=== Recorded information ===
== == ==

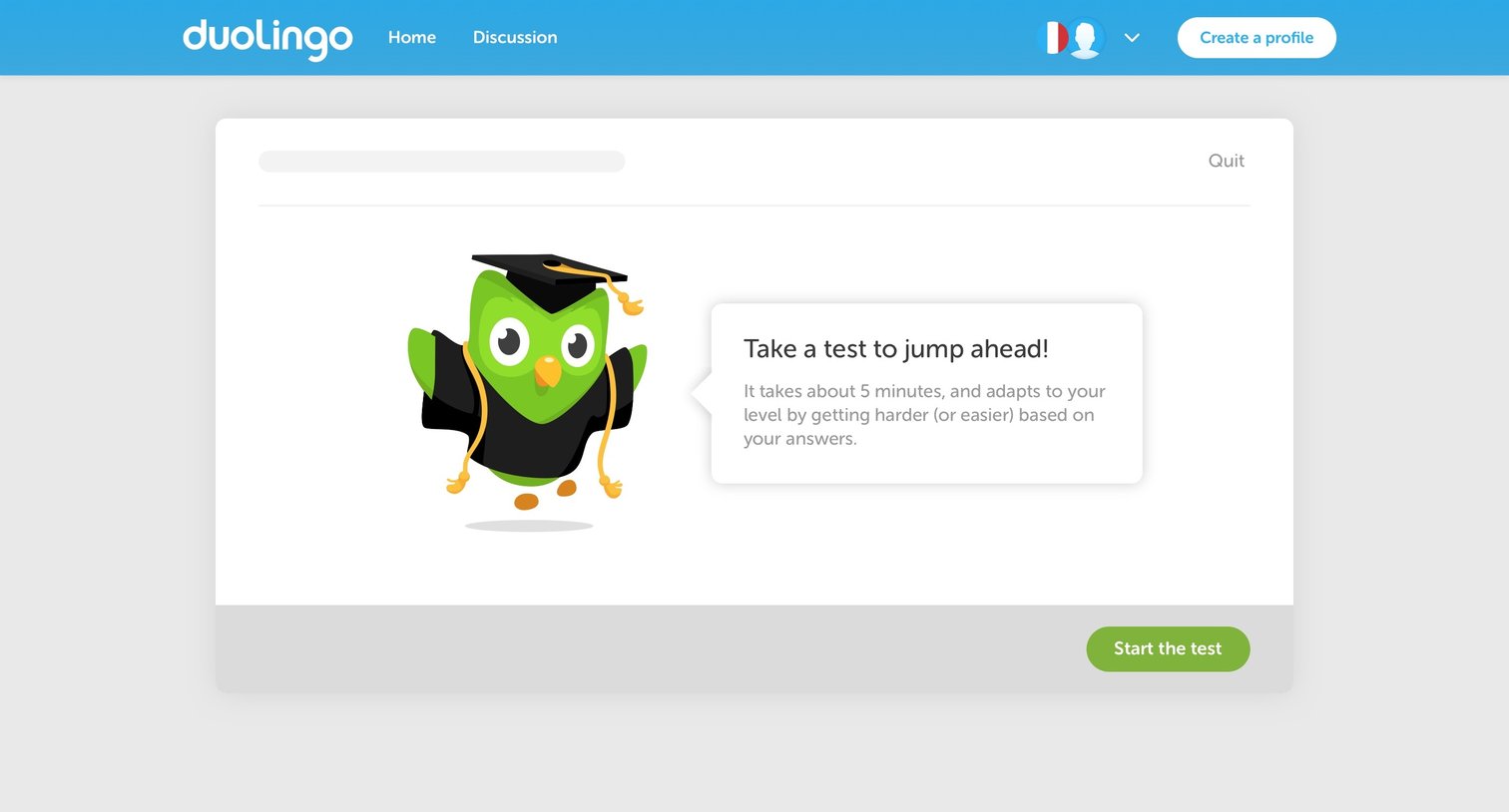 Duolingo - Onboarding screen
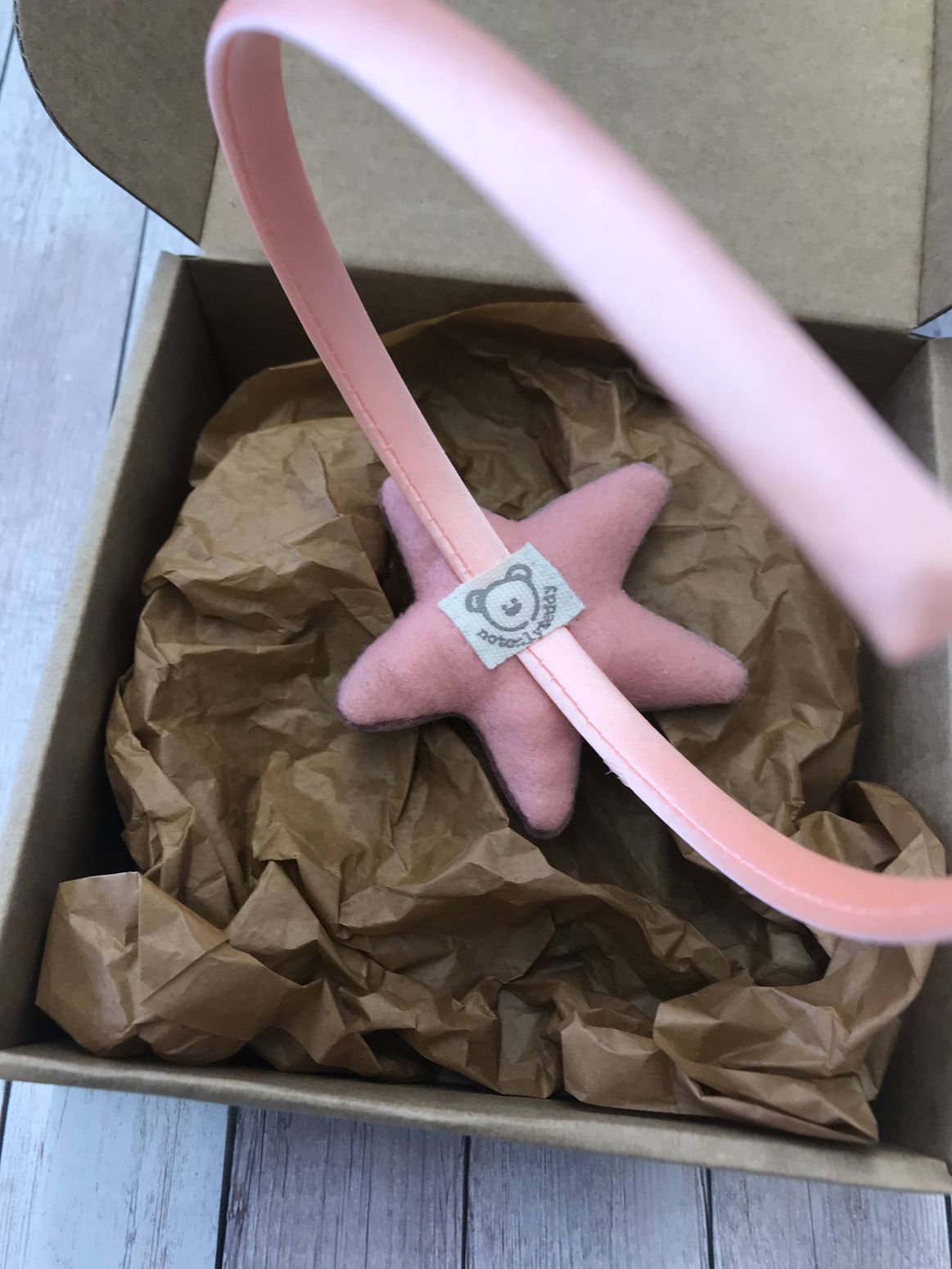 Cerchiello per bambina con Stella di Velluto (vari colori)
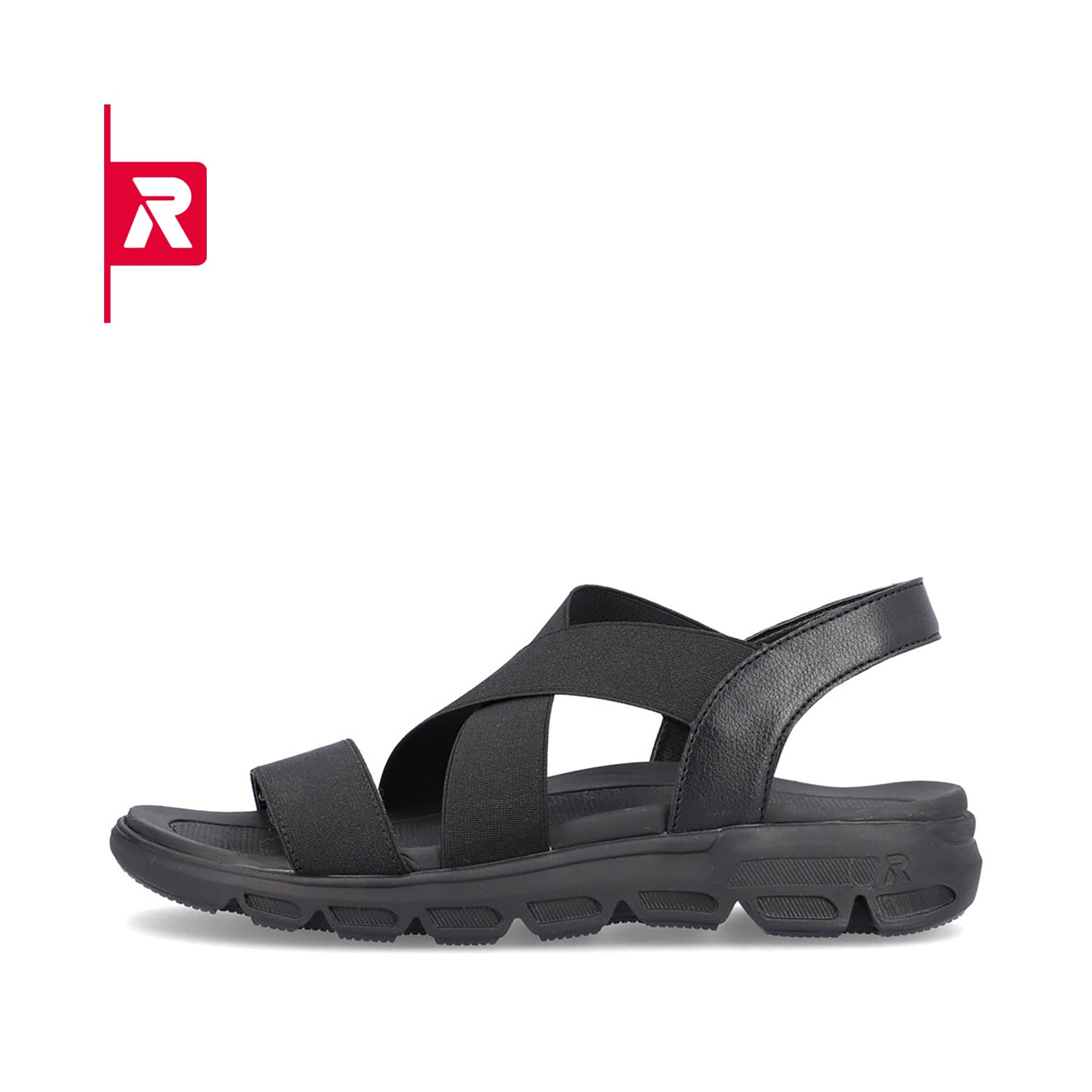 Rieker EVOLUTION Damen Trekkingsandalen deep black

== == ==

=== Activity ===
Excluding the images, copy all of the material above verbatim.

=== The answer ===
 Duolingo - Onboarding screen
 Cerchiello per bambina con Stella di Velluto (vari colori)
 Rieker EVOLUTION Damen Trekkingsandalen deep black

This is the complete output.